Yes, it is the employer’s responsibility to initiate the process for Family and Medical Leave Act (FMLA) leave even if the employee has not asked for it. FMLA regulations clearly state that the employee does not have to expressly request FMLA leave. The employer’s decision to designate leave as FMLA-qualifying must be based on information from the employee or from his or her representative (a spouse, adult child, parent or doctor in the event the employee is incapacitated). If the employer lacks sufficient information on the reason for the leave, it has the responsibility to inquire further of the employee or representative to determine if the leave qualifies for FMLA protection. Once the employer has made an affirmative decision of this possibility and has verified that the employee is eligible for FMLA leave, it must provide the employee with the proper FMLA notice.

A Department of Labor (DOL) opinion letter makes clear the department's stance that employers should always designate FMLA leave when there is enough information to do so, even if the employee requests otherwise. The FMLA designation notice (WH-382) revised in June 2020, includes this statement: "Once an eligible employee communicates a need to take leave for an FMLA-qualifying reason, an employer may not delay designating such leave as FMLA leave, and neither the employee nor the employer may decline FMLA protection for that leave."
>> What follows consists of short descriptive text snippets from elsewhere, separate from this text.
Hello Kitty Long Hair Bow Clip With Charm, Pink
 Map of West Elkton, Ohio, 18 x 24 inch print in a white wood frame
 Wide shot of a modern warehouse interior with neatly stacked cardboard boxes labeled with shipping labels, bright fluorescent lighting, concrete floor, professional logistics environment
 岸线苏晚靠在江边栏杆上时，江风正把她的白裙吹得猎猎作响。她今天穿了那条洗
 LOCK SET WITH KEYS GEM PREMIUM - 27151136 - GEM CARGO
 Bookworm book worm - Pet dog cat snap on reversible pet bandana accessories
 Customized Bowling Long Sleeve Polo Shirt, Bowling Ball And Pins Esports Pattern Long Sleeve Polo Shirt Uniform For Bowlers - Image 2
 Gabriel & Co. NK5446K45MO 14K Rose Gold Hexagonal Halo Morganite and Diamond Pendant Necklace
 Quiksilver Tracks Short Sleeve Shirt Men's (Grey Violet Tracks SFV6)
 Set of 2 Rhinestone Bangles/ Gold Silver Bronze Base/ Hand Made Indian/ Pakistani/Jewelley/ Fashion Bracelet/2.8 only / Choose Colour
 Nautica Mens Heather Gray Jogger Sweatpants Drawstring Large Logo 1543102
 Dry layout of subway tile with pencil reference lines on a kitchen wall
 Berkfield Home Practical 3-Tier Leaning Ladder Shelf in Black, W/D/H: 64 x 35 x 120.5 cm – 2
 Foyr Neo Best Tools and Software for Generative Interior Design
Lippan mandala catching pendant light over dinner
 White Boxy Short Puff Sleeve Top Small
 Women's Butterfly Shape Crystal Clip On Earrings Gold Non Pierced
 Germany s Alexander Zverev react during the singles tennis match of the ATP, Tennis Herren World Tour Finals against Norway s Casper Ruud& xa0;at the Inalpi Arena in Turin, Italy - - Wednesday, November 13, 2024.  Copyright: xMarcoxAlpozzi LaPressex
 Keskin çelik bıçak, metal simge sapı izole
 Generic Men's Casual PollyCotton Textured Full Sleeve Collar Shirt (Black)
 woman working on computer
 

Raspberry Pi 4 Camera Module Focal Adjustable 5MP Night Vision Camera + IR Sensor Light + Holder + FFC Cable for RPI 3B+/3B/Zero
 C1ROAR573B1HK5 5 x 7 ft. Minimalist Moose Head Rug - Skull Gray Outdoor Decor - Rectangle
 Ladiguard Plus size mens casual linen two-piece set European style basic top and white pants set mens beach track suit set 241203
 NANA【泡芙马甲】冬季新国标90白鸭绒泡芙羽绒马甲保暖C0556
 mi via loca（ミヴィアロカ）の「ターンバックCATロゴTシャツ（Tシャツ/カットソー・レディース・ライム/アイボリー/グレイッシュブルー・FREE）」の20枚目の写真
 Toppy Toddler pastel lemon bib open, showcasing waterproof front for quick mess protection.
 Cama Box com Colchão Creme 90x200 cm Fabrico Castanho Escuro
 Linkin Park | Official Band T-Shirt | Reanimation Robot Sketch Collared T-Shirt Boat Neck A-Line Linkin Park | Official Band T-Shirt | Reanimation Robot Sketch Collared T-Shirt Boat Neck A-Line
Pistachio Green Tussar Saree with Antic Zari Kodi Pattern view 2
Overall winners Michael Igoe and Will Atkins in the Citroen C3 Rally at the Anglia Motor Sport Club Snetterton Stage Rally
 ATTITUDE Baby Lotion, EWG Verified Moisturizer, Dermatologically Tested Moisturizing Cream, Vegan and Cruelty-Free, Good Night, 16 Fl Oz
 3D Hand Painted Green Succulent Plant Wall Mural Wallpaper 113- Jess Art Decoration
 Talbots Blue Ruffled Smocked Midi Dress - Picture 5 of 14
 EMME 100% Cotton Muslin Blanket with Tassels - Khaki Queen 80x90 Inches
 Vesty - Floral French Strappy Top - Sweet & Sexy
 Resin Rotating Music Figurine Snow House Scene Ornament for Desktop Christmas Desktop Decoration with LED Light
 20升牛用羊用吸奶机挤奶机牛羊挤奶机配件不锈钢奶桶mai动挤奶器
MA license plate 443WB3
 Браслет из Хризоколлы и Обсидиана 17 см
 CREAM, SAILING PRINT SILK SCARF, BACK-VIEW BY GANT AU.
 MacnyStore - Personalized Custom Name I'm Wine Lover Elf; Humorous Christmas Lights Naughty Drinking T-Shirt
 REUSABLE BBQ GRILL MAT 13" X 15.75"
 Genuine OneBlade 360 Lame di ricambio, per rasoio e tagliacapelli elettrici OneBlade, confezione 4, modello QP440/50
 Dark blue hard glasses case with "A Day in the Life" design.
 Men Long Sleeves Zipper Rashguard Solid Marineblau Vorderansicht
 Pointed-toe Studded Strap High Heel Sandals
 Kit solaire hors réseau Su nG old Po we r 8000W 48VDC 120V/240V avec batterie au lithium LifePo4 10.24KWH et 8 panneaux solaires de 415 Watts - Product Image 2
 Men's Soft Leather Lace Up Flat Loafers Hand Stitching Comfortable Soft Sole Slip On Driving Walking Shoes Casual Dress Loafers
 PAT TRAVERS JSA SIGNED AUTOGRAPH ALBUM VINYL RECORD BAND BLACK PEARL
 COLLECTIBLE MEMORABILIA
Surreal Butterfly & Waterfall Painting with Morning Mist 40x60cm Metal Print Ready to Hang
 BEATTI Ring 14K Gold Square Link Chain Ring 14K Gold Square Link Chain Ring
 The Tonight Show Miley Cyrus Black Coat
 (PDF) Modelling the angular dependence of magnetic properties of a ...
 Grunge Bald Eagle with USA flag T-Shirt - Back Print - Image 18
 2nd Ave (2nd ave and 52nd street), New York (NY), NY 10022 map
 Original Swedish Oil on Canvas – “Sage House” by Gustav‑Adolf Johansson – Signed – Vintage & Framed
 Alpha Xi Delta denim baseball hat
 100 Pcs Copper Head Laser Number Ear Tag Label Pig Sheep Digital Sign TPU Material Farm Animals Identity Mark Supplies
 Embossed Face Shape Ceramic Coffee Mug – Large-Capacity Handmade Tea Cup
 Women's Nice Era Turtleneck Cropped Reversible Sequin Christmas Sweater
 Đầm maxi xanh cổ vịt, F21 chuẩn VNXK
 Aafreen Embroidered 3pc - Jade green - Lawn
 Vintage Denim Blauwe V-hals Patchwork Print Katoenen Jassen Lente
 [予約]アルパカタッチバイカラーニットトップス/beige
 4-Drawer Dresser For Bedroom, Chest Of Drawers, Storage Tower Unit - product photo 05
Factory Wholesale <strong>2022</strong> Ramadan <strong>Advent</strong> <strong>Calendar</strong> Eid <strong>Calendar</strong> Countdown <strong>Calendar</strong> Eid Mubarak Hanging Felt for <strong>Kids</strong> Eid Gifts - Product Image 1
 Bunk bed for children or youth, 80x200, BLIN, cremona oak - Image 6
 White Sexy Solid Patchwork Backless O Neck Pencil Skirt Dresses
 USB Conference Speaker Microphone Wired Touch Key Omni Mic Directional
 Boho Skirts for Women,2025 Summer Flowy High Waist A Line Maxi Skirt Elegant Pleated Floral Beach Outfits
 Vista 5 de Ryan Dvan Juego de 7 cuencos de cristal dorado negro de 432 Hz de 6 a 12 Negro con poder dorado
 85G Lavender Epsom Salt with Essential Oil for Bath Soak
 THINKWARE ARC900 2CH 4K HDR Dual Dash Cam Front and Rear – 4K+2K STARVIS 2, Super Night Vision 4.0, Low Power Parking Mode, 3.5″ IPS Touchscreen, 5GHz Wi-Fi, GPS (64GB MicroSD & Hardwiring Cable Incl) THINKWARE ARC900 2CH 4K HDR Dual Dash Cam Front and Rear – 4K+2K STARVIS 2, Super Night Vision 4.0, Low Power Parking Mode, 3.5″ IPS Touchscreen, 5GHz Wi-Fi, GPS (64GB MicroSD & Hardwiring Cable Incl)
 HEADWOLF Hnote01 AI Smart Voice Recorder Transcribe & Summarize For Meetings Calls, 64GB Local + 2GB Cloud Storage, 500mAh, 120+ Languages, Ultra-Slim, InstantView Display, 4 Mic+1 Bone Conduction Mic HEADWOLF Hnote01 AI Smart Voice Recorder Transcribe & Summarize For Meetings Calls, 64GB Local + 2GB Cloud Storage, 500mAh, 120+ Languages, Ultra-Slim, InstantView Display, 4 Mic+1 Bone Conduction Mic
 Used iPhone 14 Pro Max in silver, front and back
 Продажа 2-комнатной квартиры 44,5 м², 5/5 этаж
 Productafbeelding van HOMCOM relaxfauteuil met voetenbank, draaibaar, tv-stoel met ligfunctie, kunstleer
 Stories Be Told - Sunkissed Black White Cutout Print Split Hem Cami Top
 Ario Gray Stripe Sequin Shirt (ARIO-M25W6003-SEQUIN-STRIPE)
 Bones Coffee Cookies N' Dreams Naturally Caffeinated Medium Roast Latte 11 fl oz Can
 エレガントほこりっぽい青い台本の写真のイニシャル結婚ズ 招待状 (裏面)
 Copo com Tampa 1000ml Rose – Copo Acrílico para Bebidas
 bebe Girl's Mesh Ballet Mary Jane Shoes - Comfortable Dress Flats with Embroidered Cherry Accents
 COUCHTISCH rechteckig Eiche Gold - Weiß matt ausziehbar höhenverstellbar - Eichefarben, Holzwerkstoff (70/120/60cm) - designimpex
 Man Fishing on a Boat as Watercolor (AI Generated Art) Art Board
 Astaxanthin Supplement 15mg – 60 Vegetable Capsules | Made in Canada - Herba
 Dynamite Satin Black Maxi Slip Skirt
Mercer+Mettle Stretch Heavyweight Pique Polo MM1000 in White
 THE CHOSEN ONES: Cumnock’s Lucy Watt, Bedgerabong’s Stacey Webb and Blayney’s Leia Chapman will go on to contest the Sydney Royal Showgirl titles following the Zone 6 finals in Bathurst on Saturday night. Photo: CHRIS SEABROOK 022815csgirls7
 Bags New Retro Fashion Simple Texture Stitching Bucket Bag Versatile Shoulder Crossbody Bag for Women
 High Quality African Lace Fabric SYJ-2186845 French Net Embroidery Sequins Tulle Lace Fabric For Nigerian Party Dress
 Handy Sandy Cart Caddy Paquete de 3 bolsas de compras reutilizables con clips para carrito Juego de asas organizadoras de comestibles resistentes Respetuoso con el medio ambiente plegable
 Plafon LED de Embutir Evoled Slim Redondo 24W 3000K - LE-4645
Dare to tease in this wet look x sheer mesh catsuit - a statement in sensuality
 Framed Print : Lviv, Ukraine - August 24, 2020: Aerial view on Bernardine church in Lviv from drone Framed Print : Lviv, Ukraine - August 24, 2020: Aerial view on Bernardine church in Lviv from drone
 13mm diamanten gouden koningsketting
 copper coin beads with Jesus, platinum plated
In conflict with the DOL's guidance, the 9th U.S. Circuit Court of Appeals has held that an employee may decline to designate time off as FMLA leave, even if the reason for the leave qualifies for such job-protected time off. The 9th Circuit includes Alaska, Arizona, California, Hawaii, Idaho, Montana, Nevada, Oregon and Washington. Employers in the 9th Circuit should seek legal counsel in determining how to proceed if faced with a situation where FMLA should be designated under the DOL guidance but the employee is requesting otherwise. 

An employer’s failure to designate an absence as FMLA leave that causes an employee harm may be deemed a denial of the employee’s FMLA rights. It may lead to liability for compensation and benefits and for other equitable relief for the violation.